Ora deu-se o caso de há uns tempos, em conversa com alguém, eu ter ganho consciência de que dentro da minha própria família há várias pessoas acima dos 80 anos cuja companhia me é preciosa e que muito apreciam a surpresa de uma visita não combinada. Fiquei a matutar em quão retorcido me parecia andar a bater a portas para oferecer os préstimos da minha pobre companhia a uma instituição quando não faltam destinatários para ela aqui mesmo ao meu lado.
E assim decidi instituir alguma organização nas visitas erráticas que faço aos nossos velhotes (a minha mãe, com 74 anos, é a 2ª mais nova de 5 irmãos por isso velhotes é coisa que não nos falta na família) e prometer a mim própria tentar nunca falhar 1 visita + 1 telefonema semanal.

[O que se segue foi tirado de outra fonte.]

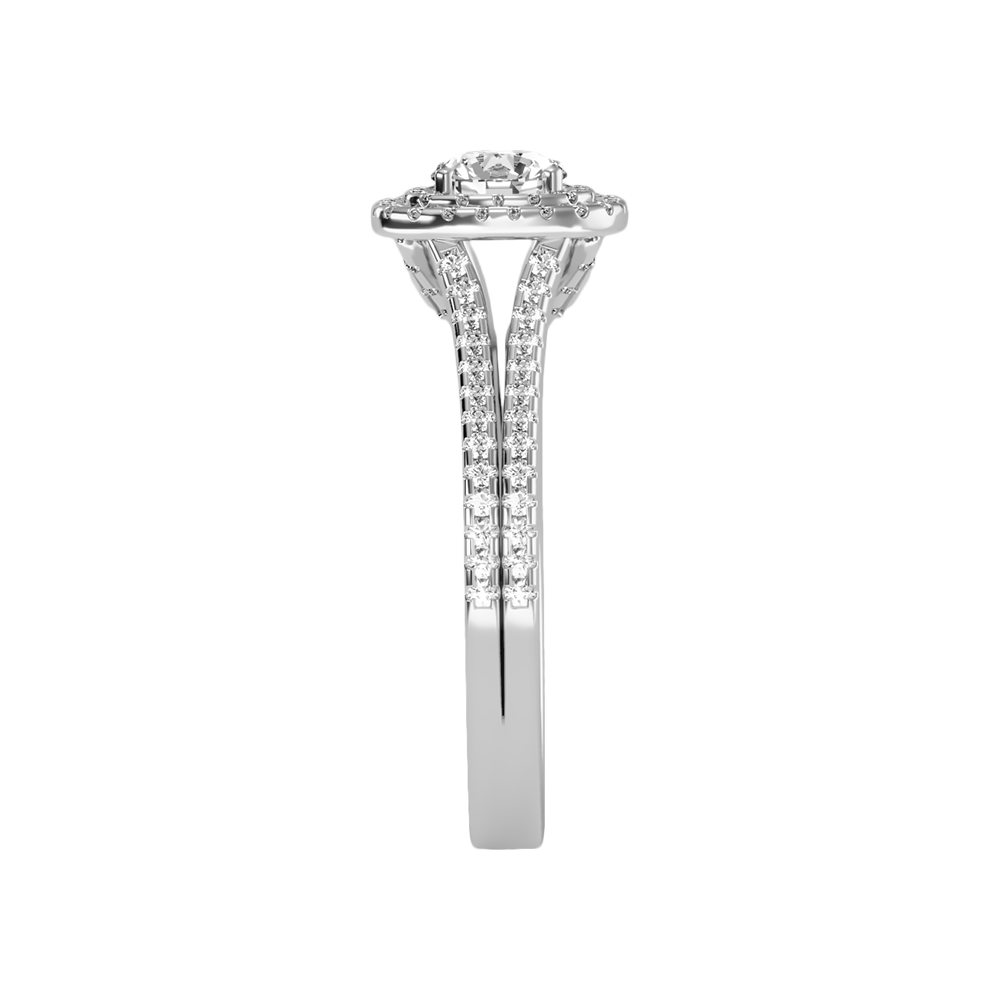 Allured Halo Ring In 925 Sterling Silver - Five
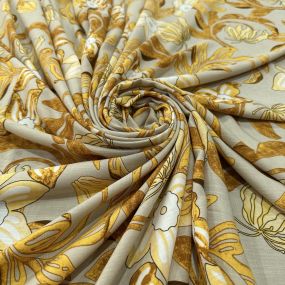 Tecido Viscolinho Estampado Floral Amarelo Fundo Bege Tecido Viscolinho Estampado Floral Amarelo Fundo Bege • Luema Tecidos 2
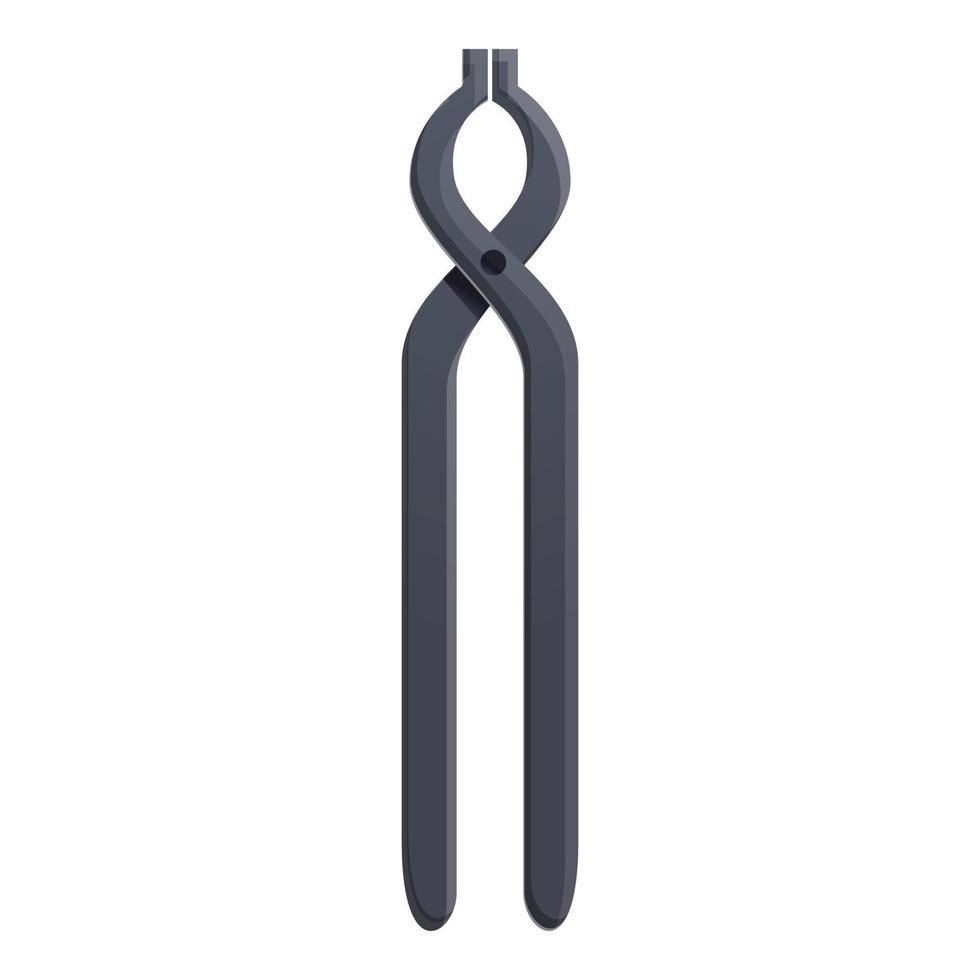 Blacksmith pliers icon, cartoon style vector
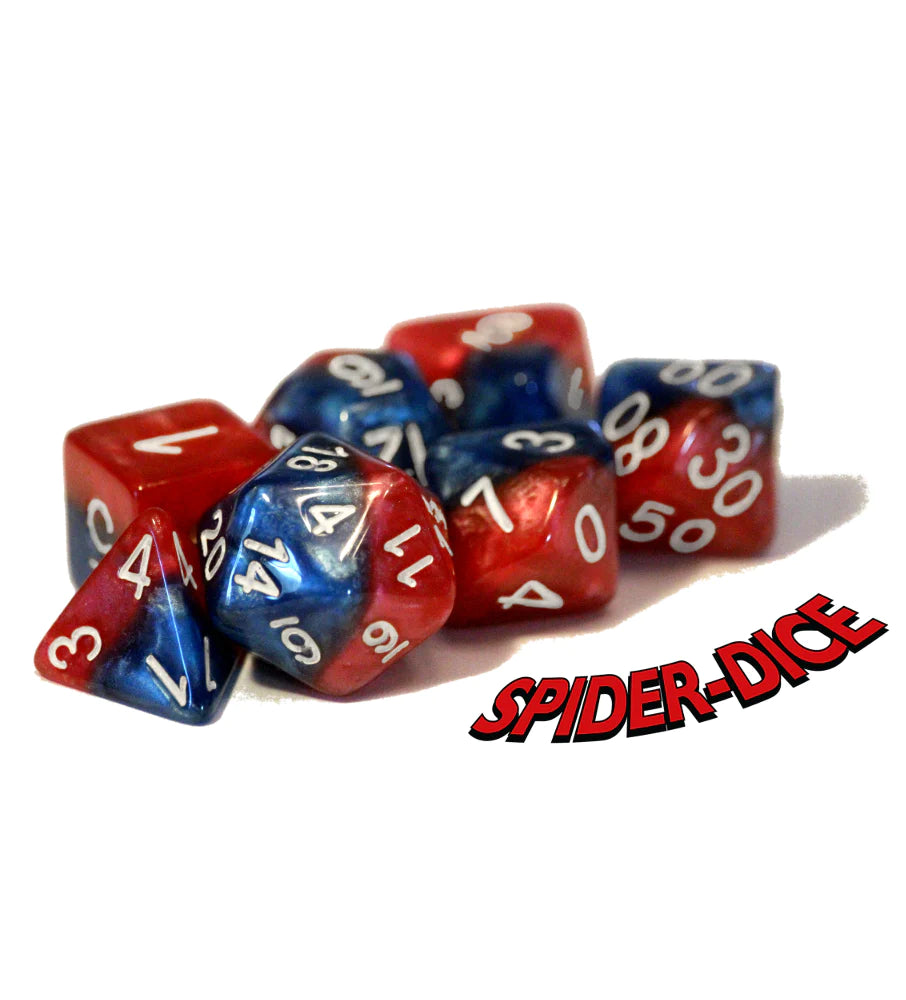 “Spider-Dice” Halfsies Dice (7 Polyhedral Dice Set)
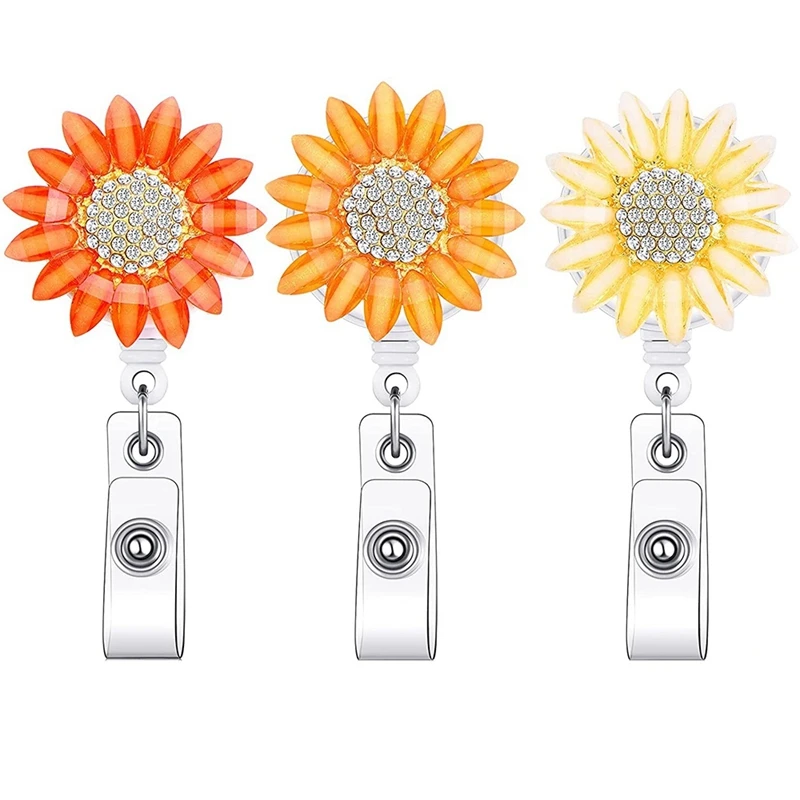 3Pcs Crystal Rhinestone Sunflower Badge Reel Retractable Badge Clip for Nurse Teacher Student Decoration Supplies
3Pcs Crystal Rhinestone Sunflower Badge Reel Retractable Badge Clip for Nurse Teacher Student Decoration Supplies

Tenho mais ou menos conseguido, sem dificuldade nenhuma (o facto de os meus filhos adorarem frequentar as casas em causa ajuda bastante). Estou a falar de tios que não têm falta de companhia e que passam parte do tempo rodeados de filhos, netos e sobrinhos e por isso fico ainda mais sensibilizada com o prazer evidentíssimo que as minhas aparições lhes dão. Poder-se-ia pensar que nenhum eles, com tantos filhos e coisas do género, não precisaria de mim para nada mas é gigante a satisfação que lhes dá uma visita, por mais breve que seja (a eles e a mim, que não concebo a minha vida sem frequentar estas casas) e essa alegria é uma recompensa gigante.
E depois, claro, pode parecer que se está a fazer uma coisa por outra pessoa mas a verdade é que somos nós que acabamos a ganhar mais.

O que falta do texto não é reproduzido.